Assignment:
Print each entry precisely; exclude the pictures.

Source material:

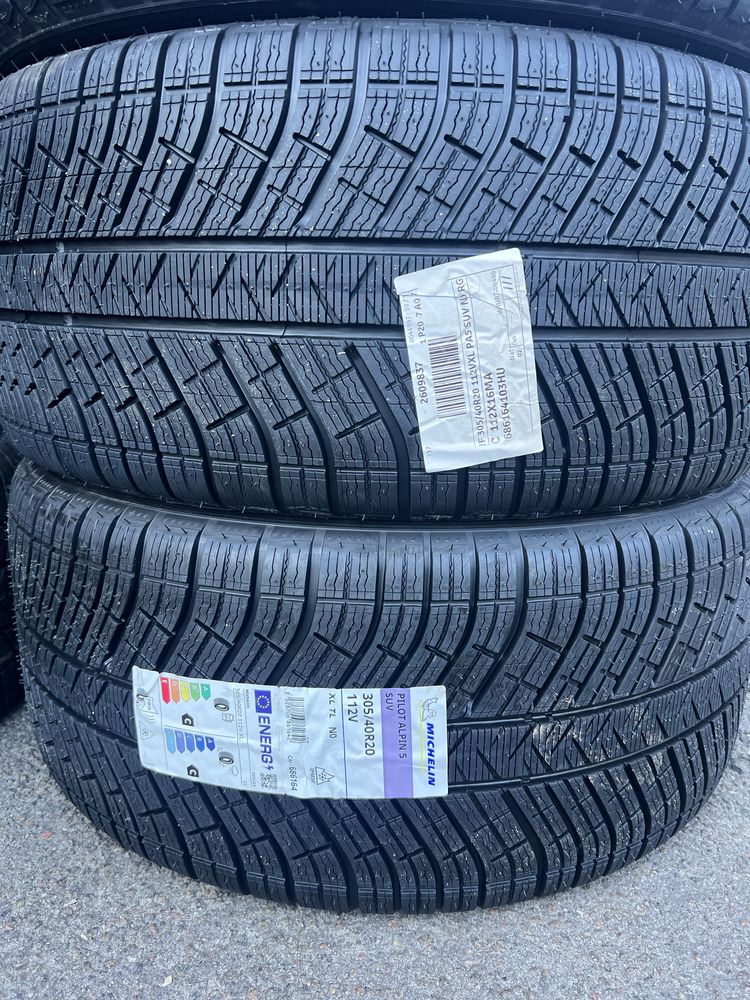 Зима 4шт 275/45R20+ 305/40R20 Michelin Pilot Alpin 5 SUV BMW Porsche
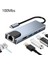 USB C Hub 5 In 1 Tip C 3.1 Ila 4K HDMI Adaptörü ile RJ45 HDMI Pd Kart Okuyucu MacBook Dizüstü Dizüstü Bilgisayar Için Hızlı Şarj (Yurt Dışından) 1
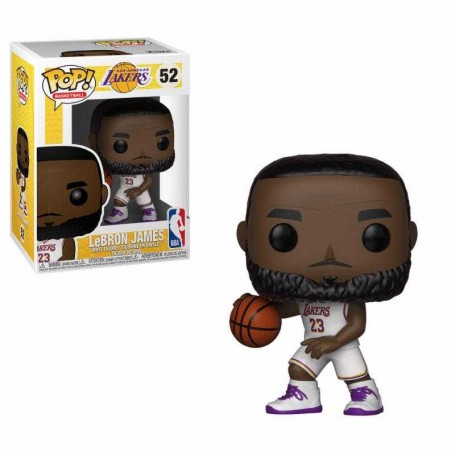 Figurines Pop NBA POP! Sports Vinyl Figurine LeBron James White Uniform (Lakers) 9 cm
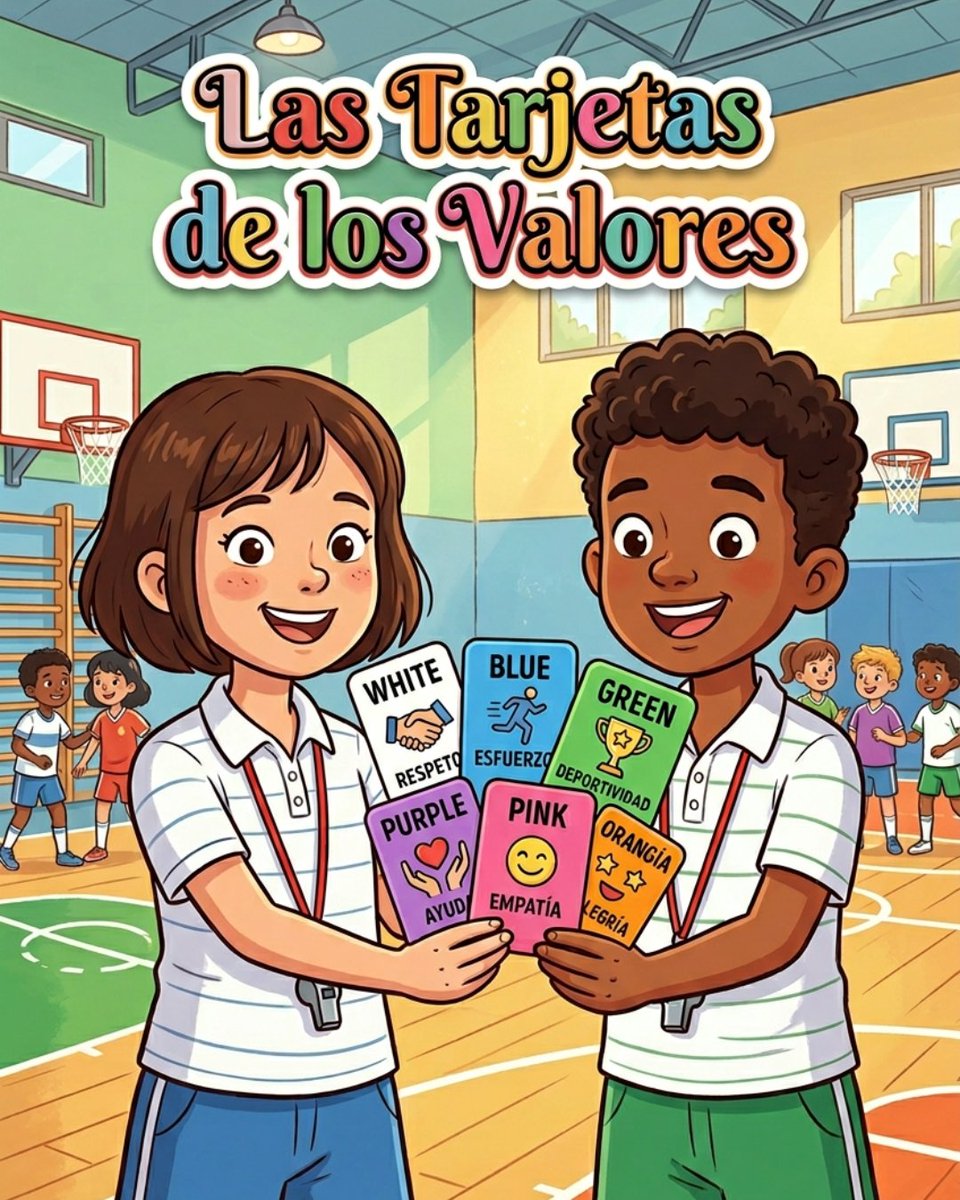 gustavolorente1's tweet image. LAS TARJETAS DE VALORES. No siempre tienen que ser 🟨🟥 sancionadoras, también hay 🟩⬜️🟦🟧🟪. Valorar la figura del árbitr@ y mostrar los buenas acciones o comportamientos en el juego con valores. #edufis #physed #familiaedufis #educación #colegio Canva➡️canva.link/7j5bzqv04z2p48q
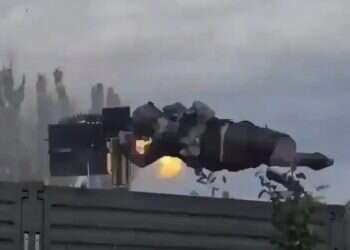 Russian anti-drone drill spirals out of control in near-fatal machine gun mishap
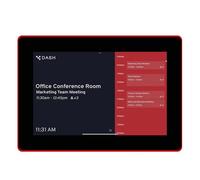 PoE Texas 10" Touchscreen Meeting Room Scheduler Tablet with Highly Visible LED Ring - Plug & Play PoE Office Conference Room Scheduler - Digital Display Syncs with Existing Business Calendar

Task result:
 Зима 4шт 275/45R20+ 305/40R20 Michelin Pilot Alpin 5 SUV BMW Porsche
 USB C Hub 5 In 1 Tip C 3.1 Ila 4K HDMI Adaptörü ile RJ45 HDMI Pd Kart Okuyucu MacBook Dizüstü Dizüstü Bilgisayar Için Hızlı Şarj (Yurt Dışından) 1
 Figurines Pop NBA POP! Sports Vinyl Figurine LeBron James White Uniform (Lakers) 9 cm
 gustavolorente1's tweet image. LAS TARJETAS DE VALORES. No siempre tienen que ser 🟨🟥 sancionadoras, también hay 🟩⬜️🟦🟧🟪. Valorar la figura del árbitr@ y mostrar los buenas acciones o comportamientos en el juego con valores. #edufis #physed #familiaedufis #educación #colegio Canva➡️canva.link/7j5bzqv04z2p48q
 Russian anti-drone drill spirals out of control in near-fatal machine gun mishap
 PoE Texas 10" Touchscreen Meeting Room Scheduler Tablet with Highly Visible LED Ring - Plug & Play PoE Office Conference Room Scheduler - Digital Display Syncs with Existing Business Calendar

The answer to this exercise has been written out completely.